Personal information
- Full name: Victor Spearman Beeby
- Born: 30 September 1891 Dunedin, New Zealand
- Died: 7 February 1944 (aged 52) Wellington, New Zealand
- Height: 5 ft 6 in (1.68 m)

Domestic team information
- 1919/20: Otago
- FC debut: 25 December 1919 Otago v Southland
- Last FC: 1 January 1920 Otago v Wellington
- Source: ESPNcricinfo, 5 May 2016

= Victor Beeby =

New Zealand cricketer

Victor Spearman Beeby (30 September 1891 - 7 February 1944) was a New Zealand cricketer. He played two first-class matches for Otago in 1919/20.

==Life and career==
Beeby was born in Dunedin. A linotype operator, he was living in Aratapu, near Dargaville in Northland, when he enlisted in January 1918 and served as a private in the New Zealand Expeditionary Force in World War One. Arriving in Europe at the beginning of October 1918, just before the end of the war, Beeby did not serve at the front during the war.

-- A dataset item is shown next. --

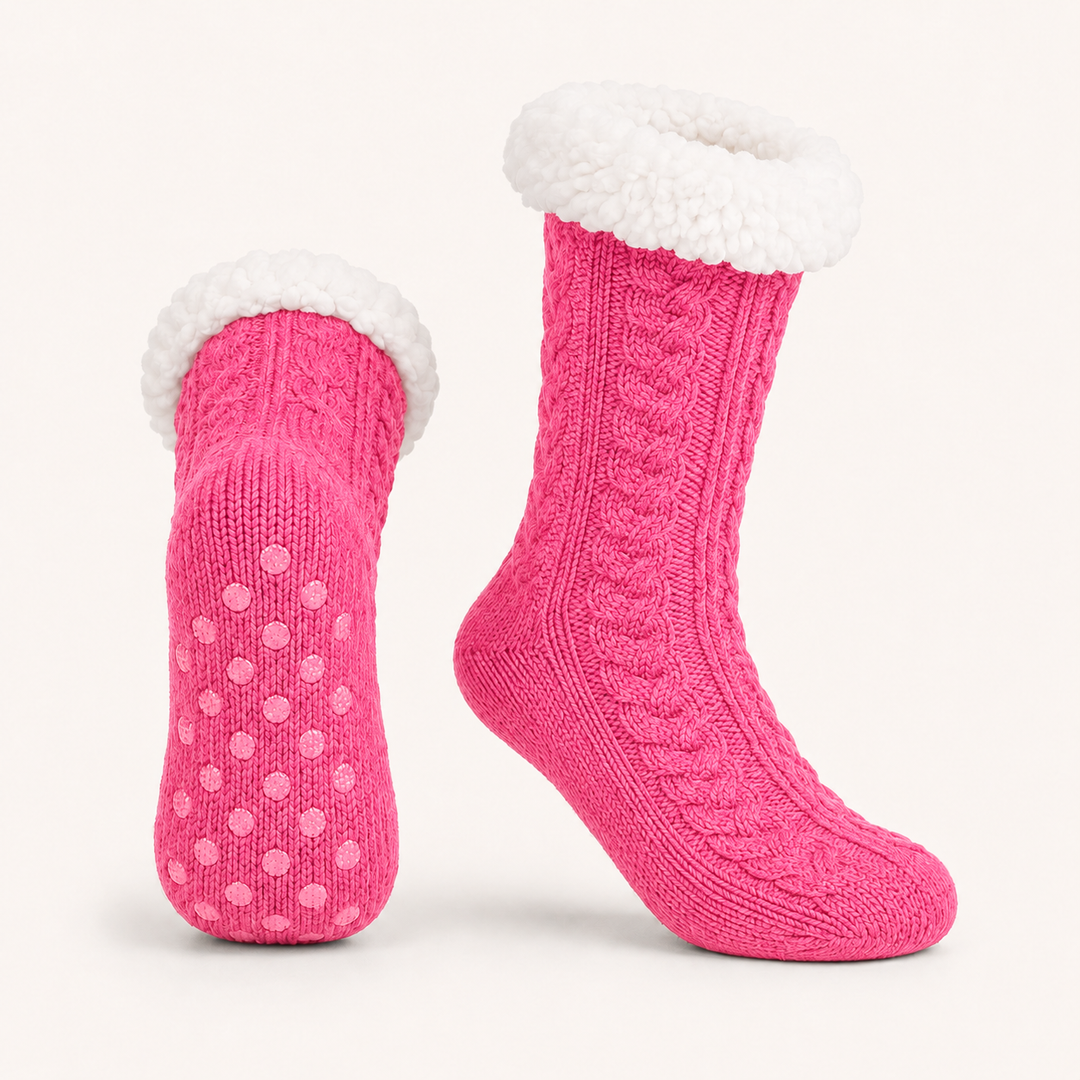 Cable Knit Slipper Socks - Sherpa Cuff, Non Slip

Beeby and his wife moved back to Dunedin after the war. Playing for Otago, he took four wickets at an average of 18.00 and made 37 runs at an average of 37.00 in his two first-class matches, both of which Otago won. He also played soccer as a goalkeeper for the Maori Hill club in Dunedin, and represented Otago.

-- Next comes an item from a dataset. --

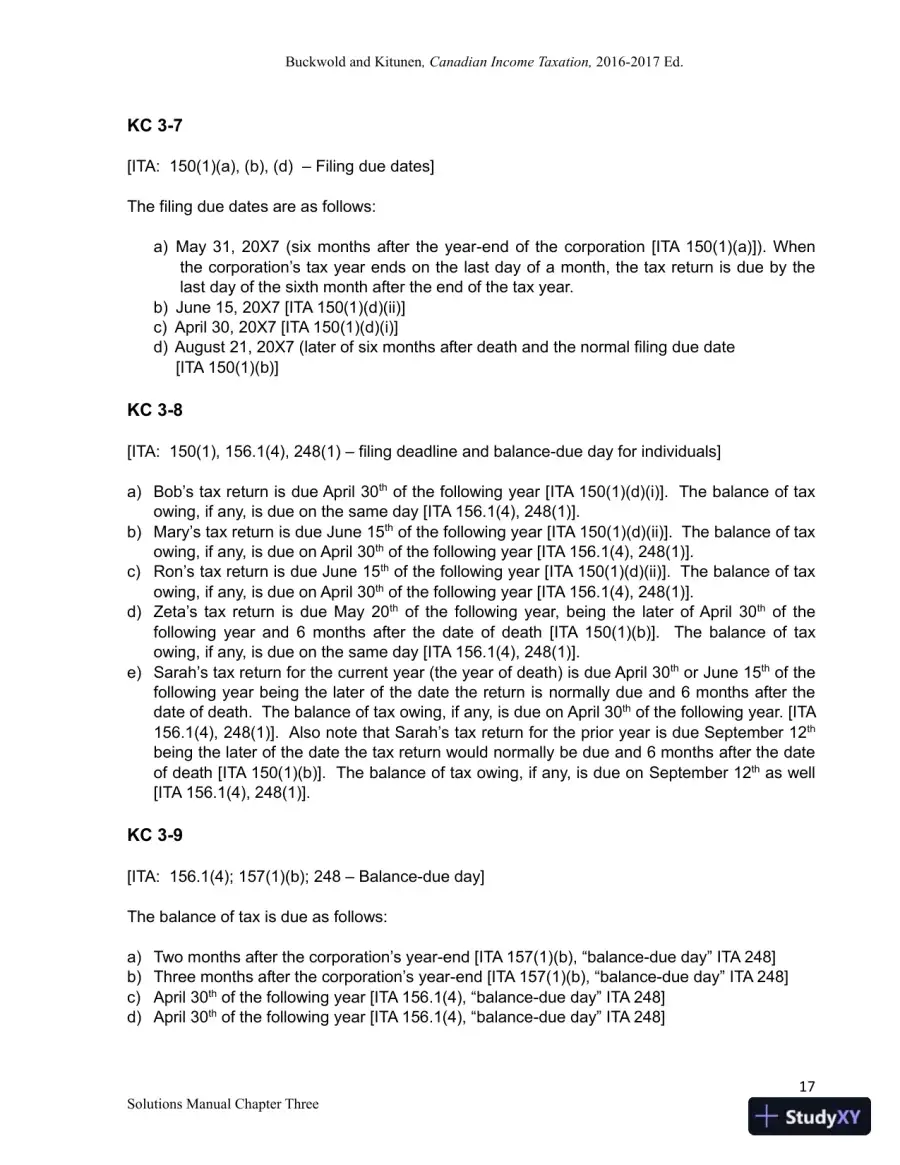 Canadian Income Taxation 2016/2017 Edition Solution Manual, page 23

In late 1924 Beeby had left his wife in Dunedin and was living in Auckland. He was given a six-month prison sentence for failure to maintain his wife, suspended on the condition that he resume maintenance payments and pay off the arrears. In May 1932, during a period of unrest among the unemployed, he was convicted for his part in a riot outside Parliament House, Wellington, and sentenced to three months in prison "for inciting lawlessness".

He died at Wellington in 1944 aged 52.